### [Data below]
::::::::::
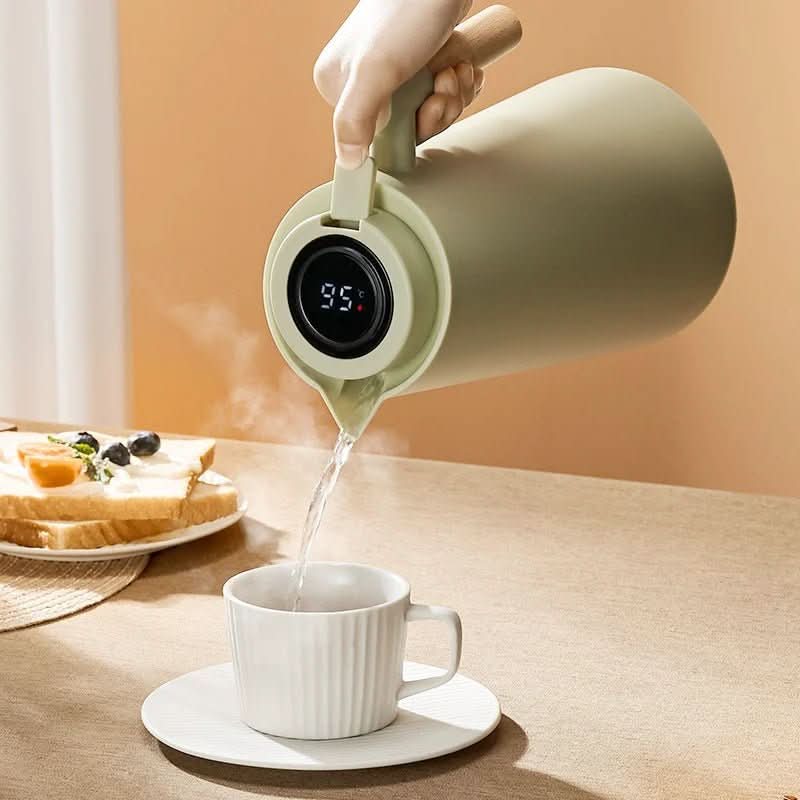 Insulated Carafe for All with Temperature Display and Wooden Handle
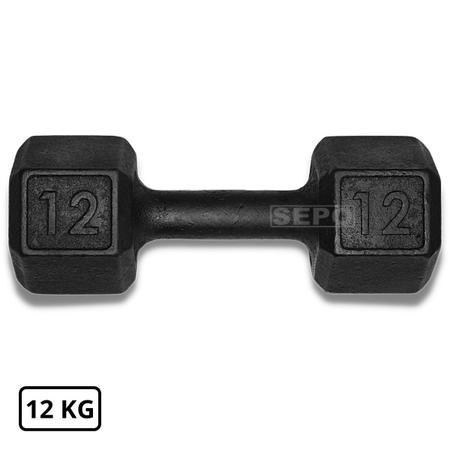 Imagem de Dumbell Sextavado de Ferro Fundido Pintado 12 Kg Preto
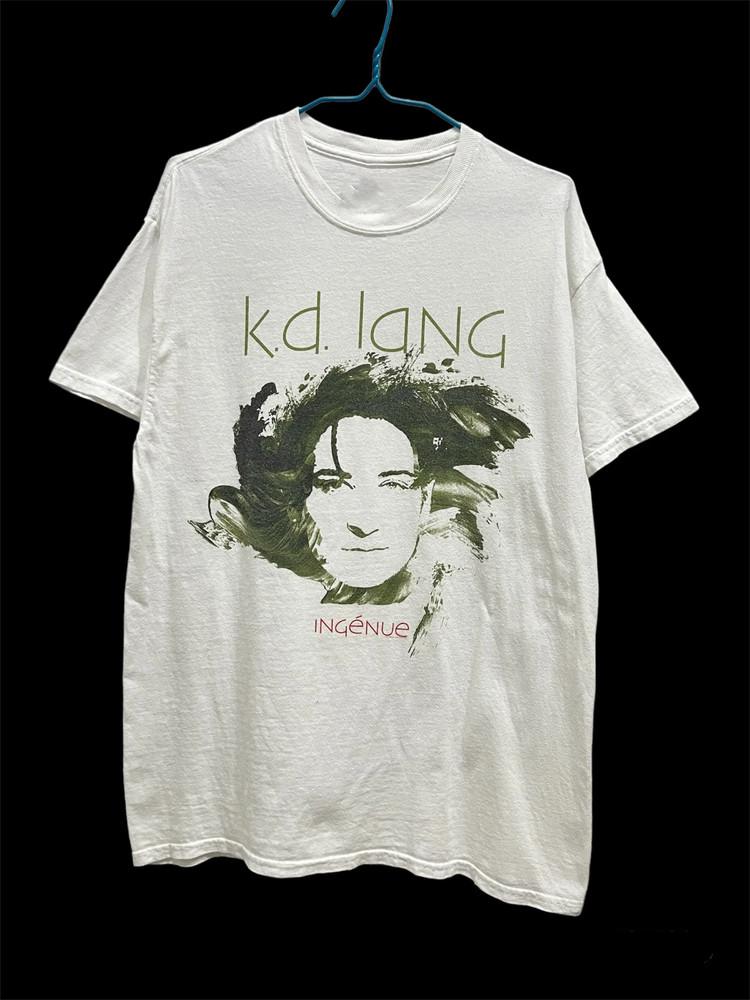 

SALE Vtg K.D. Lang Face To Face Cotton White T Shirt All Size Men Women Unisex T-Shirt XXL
::::::::::
### [Your task]
Reproduce the material above verbatim; omit every picture.

### [Your solution]
 Insulated Carafe for All with Temperature Display and Wooden Handle
 Imagem de Dumbell Sextavado de Ferro Fundido Pintado 12 Kg Preto

SALE Vtg K.D. Lang Face To Face Cotton White T Shirt All Size Men Women Unisex T-Shirt XXL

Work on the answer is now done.